Arblaster & Clarke’s ‘Champagne Weekends’ were launched as the first serious wine tours programme to the Champagne region. (This programme has introduced around 2 million euros to the region and is a good example of the benefits of wine tourism). A&C went on to pioneer wine tours around the world, operating the first ex-UK/international consumer wine tours to many regions, including for instance, Chile & Argentina, Australia and New Zealand. The company has arranged around 1300 tours for groups of wine lovers, so far.
Tim develops original tour concepts, designs itineraries and researches wineries to visit. He particularly enjoyed expanding wine tourism ideas and developing Wine & Opera Tours, small ship Wine Cruises and Vineyard Walks, (where he researched the routes personally). Tim also has responsibility for A&C’s brochures and Website and writes most of the destination wine booklets.

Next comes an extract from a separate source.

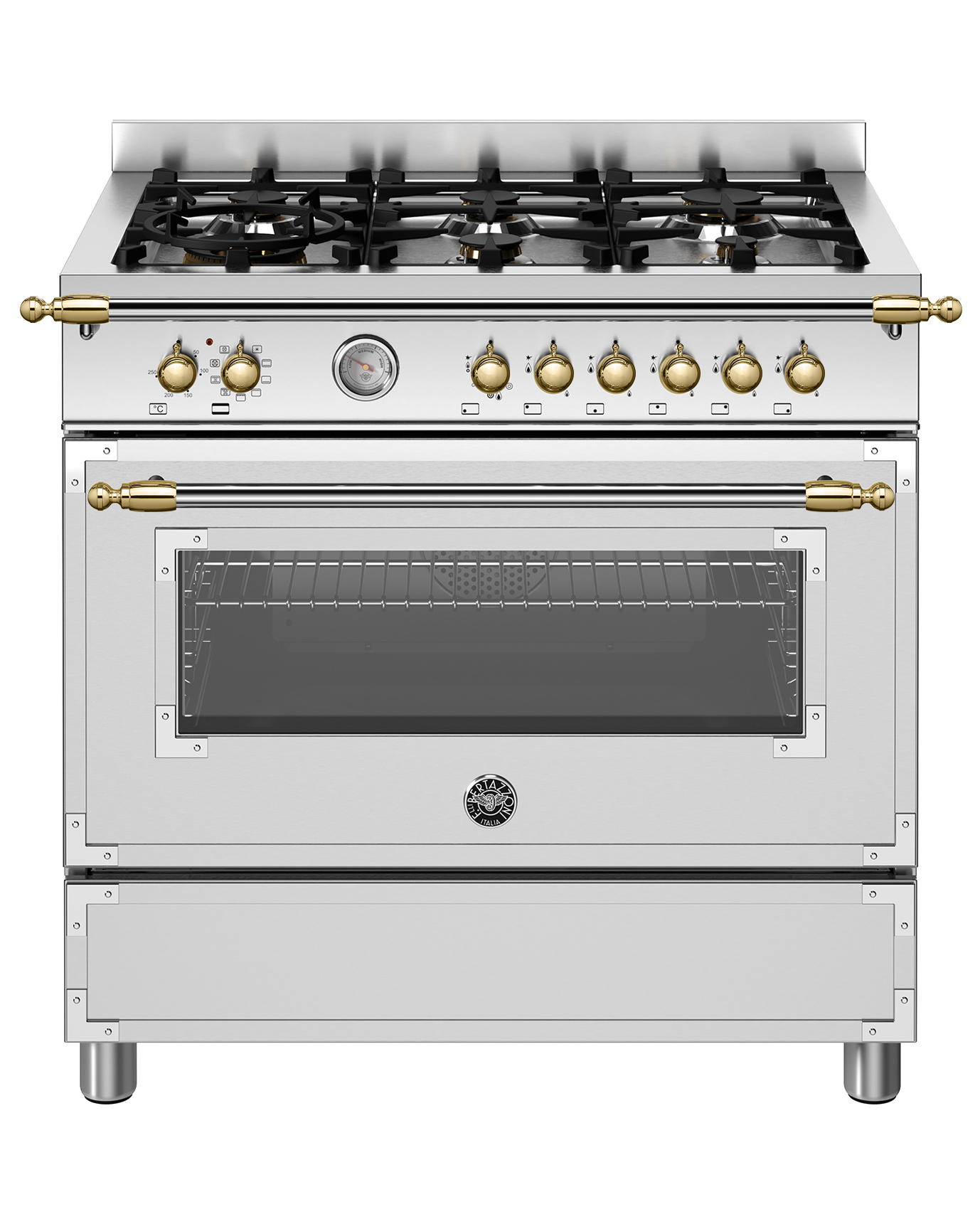 Fogão Bertazzoni Heritage Inox 6 Bocas Forno Elétrico 90cm 220V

Tim was described in the Sunday Times as “one of the most entertaining and authoritative wine guides in the business”. He has personally led parties of wine consumers on over 250 wine tours to 22 countries over the past 27 years, which gives him a unique perspective on the subject.
Tim spent the spring of 2011 working as a consultant for Georgia’s Economic Prosperity Initiative, studying the potential for Wine Tourism and writing a ‘Wine Tourism Strategy’. Tim was convinced that Georgia would be an amazing destination, so Arblaster & Clarke started operating to Georgia immediately, working closely with Georgian partners. Tim has also been instrumental in persuading other Tour Operators to start working in Georgia and to develop rural tourism here.
Tim delivered a talk titled:
What I told Georgia and what I learned from Georgia
Tim Clarke first came to Georgia to advise on a wine tourism strategy. Drawing on his long experience operating and leading wine tours, he advised that the country base its USP for visitors on its unique strengths, its huge number of native grape varieties and its traditional wine making methods. However, what he learned was much more interesting….
The first question that I had to consider in the strategy report was whether Georgia should base its wine tourism ‘story’ on its history, traditions and its huge numbers of grape varieties or whether it should reinvent itself in the ‘new world style’, with modern wine tourism facilities and easily saleable wines.
Doing the study had appealed to me both as an Ancient Historian and as someone who had spent the previous 25 years taking clients on expeditions to the source of wine. In the core of the study, I described the purposes of Wine Tourism and a hierarchy of wine tourists and their relative values. I recommended pursuing the ‘Primary Wine Tourist’ - trade visitors, opinion formers and wine lovers on wine tours. I considered wine tourism as a part of rural tourism, so looked at the condition of the villages and amenities, at steps that could be taken to improve these and means to maximize spin-off from tourism into the rural economy. The study also looked at the markets, competition and possibilities, proposing ideas and an action plan.
It was one thing for me to tell Georgians their ‘story’ was unique, it was quite another to hear from them how unique it was; that the wines were not just made from rare varieties using antique methods, but were part of a vibrant, ancient wine culture and were made with deep feeling - a counterblast against the bland in wine and the homogenous in wine tourism.